======== RECORDS FOR THE EXERCISE

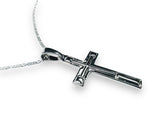 Sterling Silver Cross/ Men and Womens Cross - Janine Design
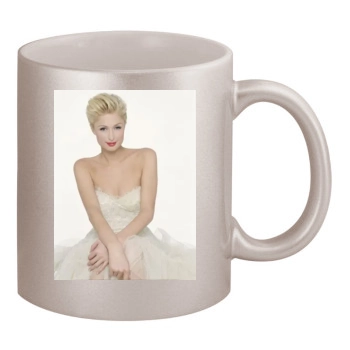 Paris Hilton 11oz Metallic Silver Mug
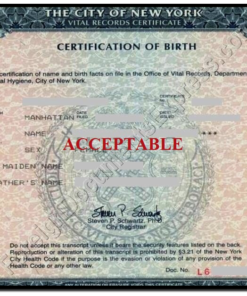 BIRTH CERTIFICATES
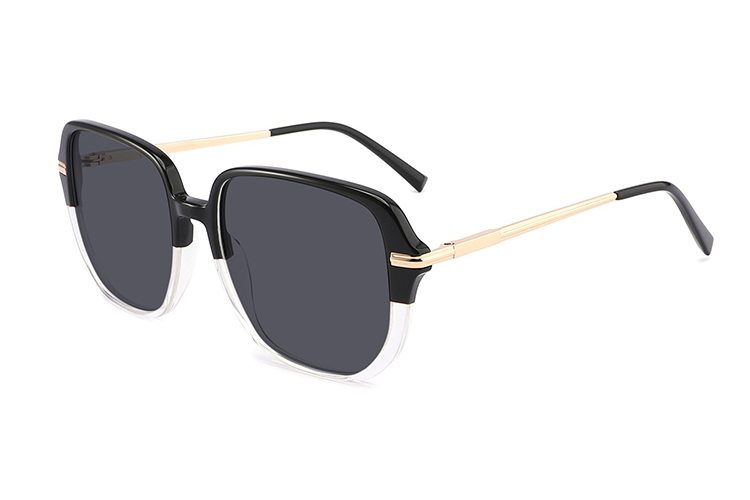 Gafas de sol de metal de acetato-ZD8820T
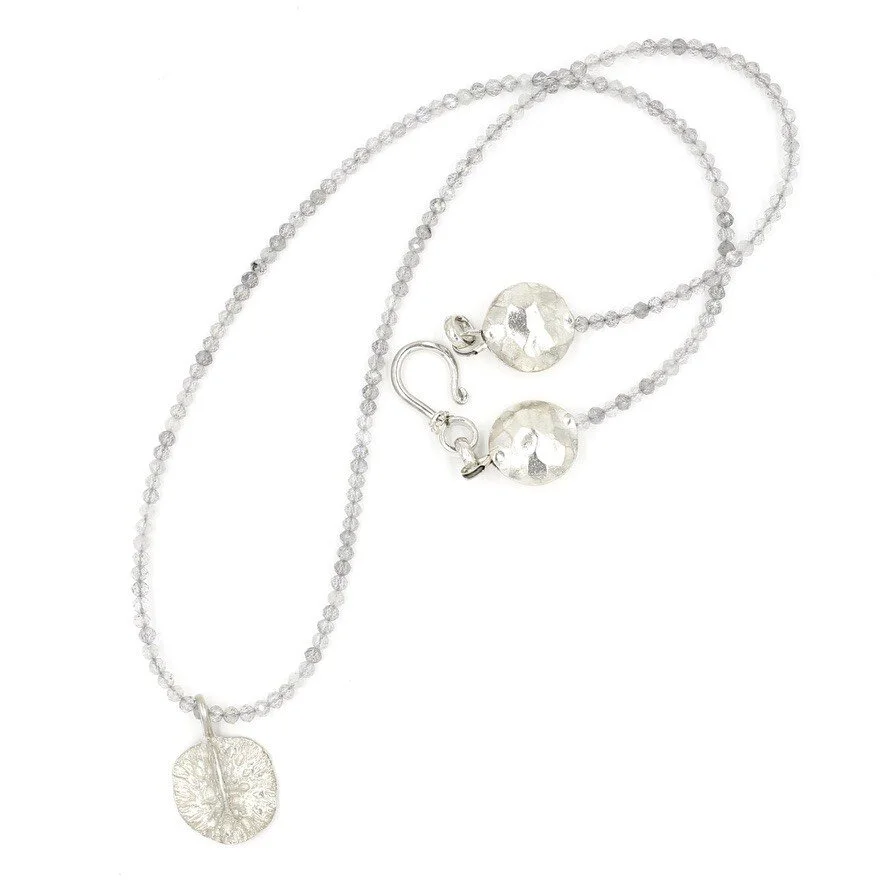 Alligator Scute Pendant Necklace - Sterling Silver (Small)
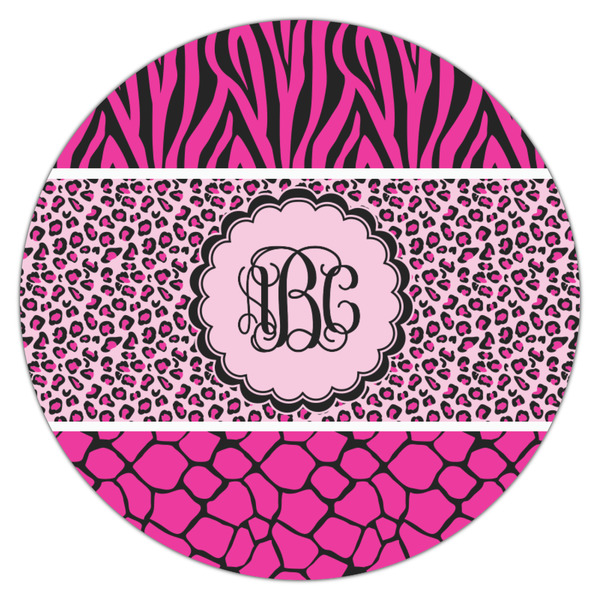 Triple Animal Print Icing Circle - Medium - Single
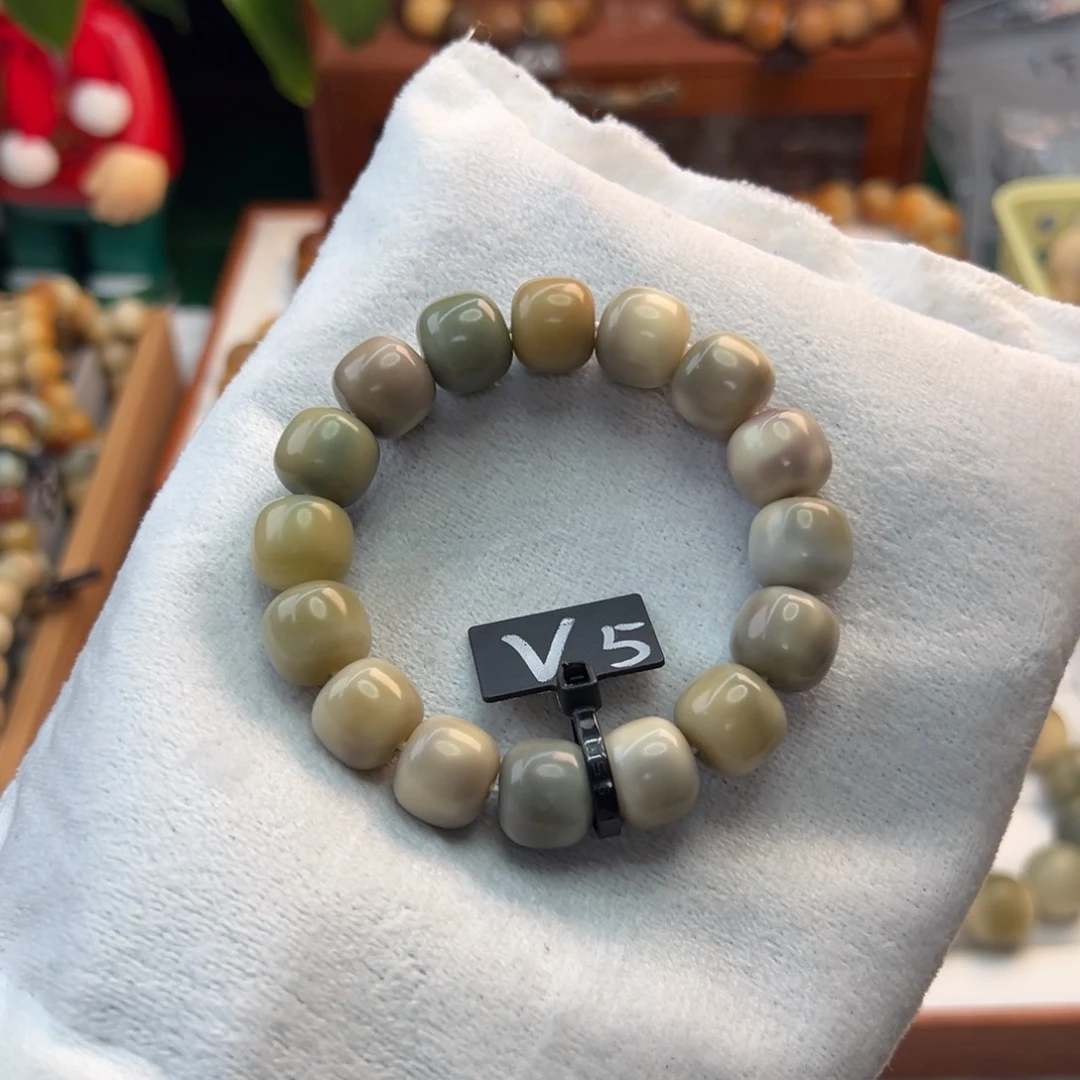 菩提根/象牙果手串卡14桶珠微瑕5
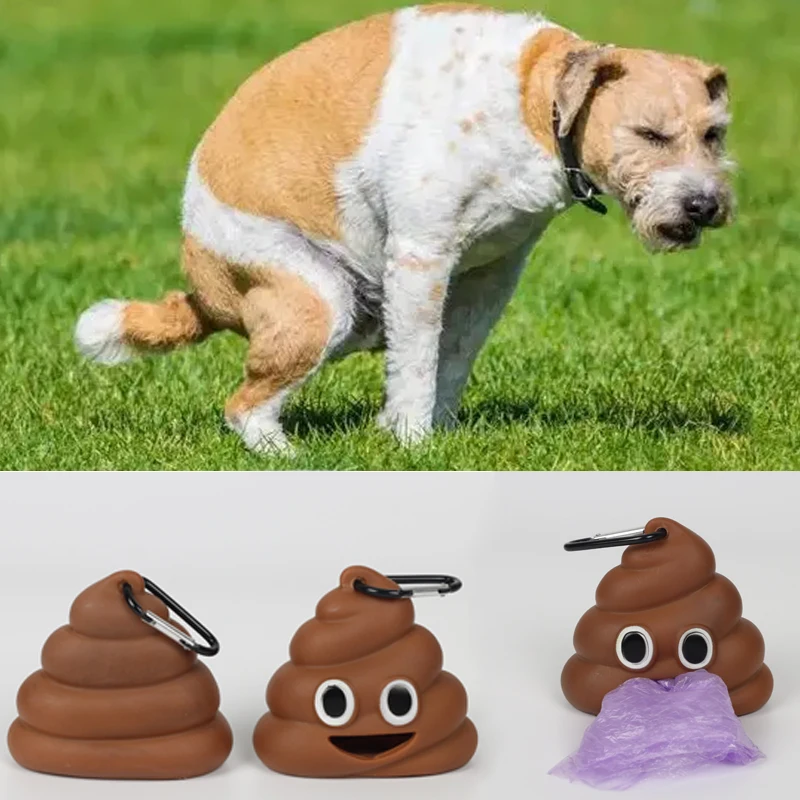 Portable Pet Garbage Bag Dispenser Silicone Dispenser Dog Poop Bags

================

# PROBLEM TO WORK ON
Your copy of the entries must be exact and must contain no pictures.

# TASK ANSWER
 Sterling Silver Cross/ Men and Womens Cross - Janine Design
 Paris Hilton 11oz Metallic Silver Mug
 BIRTH CERTIFICATES
 Gafas de sol de metal de acetato-ZD8820T
 Alligator Scute Pendant Necklace - Sterling Silver (Small)
 Triple Animal Print Icing Circle - Medium - Single
 菩提根/象牙果手串卡14桶珠微瑕5
 Portable Pet Garbage Bag Dispenser Silicone Dispenser Dog Poop Bags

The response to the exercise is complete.